A few aha´s during class and a big one (for me) in the evening. Whenever somebody has asked me in Spanish in a restaurant in the past couple of years whether food was to eat in or to go I knew what they meant, but could not make out the word for the to-go option. I kept hearing "ibar" (eebar, phonetically) but that doesn´t match any Spanish word known to me or any dictionary I consulted. Last night I finally heard "llevar" (yay-var phonetically) which means "to take". Not a big deal, but a source of frustration. Besides, as I enter my second childhood smaller things amuse me.

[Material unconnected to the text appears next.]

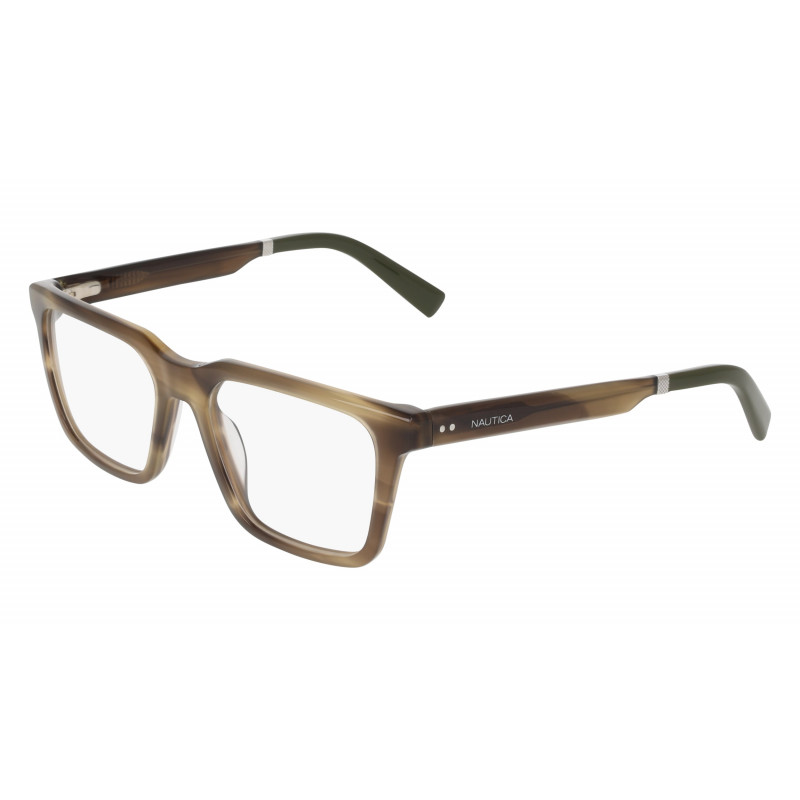 Eyeglasses NAUTICA N 8205 221 Brown Horn 53mm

This morning I woke up with the sun which happens earlier here than the continent north of us. It dawns here a little earlier than Florida at this time of year. Laying there reading web pages on my iPod in the dark so as to not awaken Juanita I clicked through one link on the Captain Capitalism blog to Hawaian Libertarian. I don´t agree with much of what either of them say, but parts of it strike a chord, especially HL´s point that the "only one who can change you is you". The point being that there is no point becoming an annoying nag to change people who are not ready to change. He makes the point that he "loosely follows" a paleo diet and then later says he is dismayed by the number of people who have stopped bringing their own cooking to a potluck so if somebody brings a homemade lasagna he makes a point to have a piece and tell them how wonderful it was even though it is far from paleo. The comments following had links to other sites about paleo diet and following through to those links one quickly found highly dogmatic people in the comment section who threw their non-paleo food in the trash when they converted rather than take the stuff in their pantry to a food bank. Rather to see people go hungry than have them eating food their new found belief didn't agree with. Quite a contrast, I know who I'd probably rather be around.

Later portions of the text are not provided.